Scientific Publications
Human Digital Double Study (ACM Siggraph MIG 2025)
Authors: Siyi Liu, Kazi Injamamul Haque and Zerrin Yumak
Abstract: Creating human digital doubles is becoming easier and much more accessible to everyone using consumer grade devices. In this work, we investigate how avatar style (realistic vs cartoon) and avatar familiarity (self, acquaintance, unknown person) affect self/other-identification, perceived realism, affinity and social presence with a controlled offline experiment. We created two styles of avatars (realistic-looking MetaHumans and cartoon-looking ReadyPlayerMe avatars) and facial animations stimuli for them using performance capture. Questionnaire responses demonstrate that higher appearance realism leads to a higher level of identification, perceived realism and social presence. However, avatars with familiar faces, especially those with high appearance realism, lead to a lower level of identification, perceived realism, and affinity. Although participants identified their digital doubles as their own, they consistently did not like their avatars, especially of realistic appearance. But they were less critical and more forgiving about their acquaintance's or an unknown person's digital double.
Benchmark Study (CGF Journal, Eurographics 2025)

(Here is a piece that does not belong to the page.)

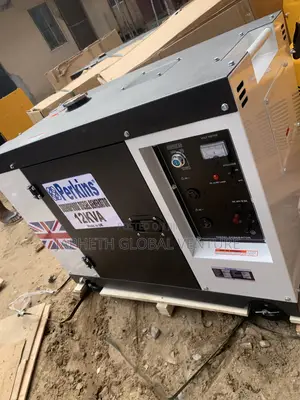 Original Perkins 12KVA Generator With Low Noise Operation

Authors: Kazi Injamamul Haque, Alkiviadis Pavlou and Zerrin Yumak
Abstract: Recent advancements in the field of audio-driven 3D facial animation have accelerated rapidly, with numerous papers being published in a short span of time. This surge in research has garnered significant attention from both academia and industry with its potential applications on digital humans. Various approaches, both deterministic and non-deterministic, have been explored based on foundational advancements in deep learning algorithms. However, there remains no consensus among researchers on standardized methods for evaluating these techniques. Additionally, rather than converging on a common set of datasets and objective metrics suited for specific methods, recent works exhibit considerable variation in experimental setups. This inconsistency complicates the research landscape, making it difficult to establish a streamlined evaluation process and rendering many cross-paper comparisons challenging. Moreover, the common practice of A/B testing in perceptual studies focus only on two common metrics and not sufficient for non-deterministic and emotion-enabled approaches. The lack of correlations between subjective and objective metrics points out that there is a need for critical analysis in this space. In this study, we address these issues by benchmarking state-of-the-art deterministic and non-deterministic models, utilizing a consistent experimental setup across a carefully curated set of objective metrics and datasets. We also conduct a perceptual user study to assess whether subjective perceptual metrics align with the objective metrics. Our findings indicate that model rankings do not necessarily generalize across datasets, and subjective metric ratings are not always consistent with their corresponding objective metrics. The supplementary video, edited code scripts for training on different datasets and documentation related to this benchmark study are made publicly available.
ProbTalk3D-X (Computers & Graphics Journal 2025)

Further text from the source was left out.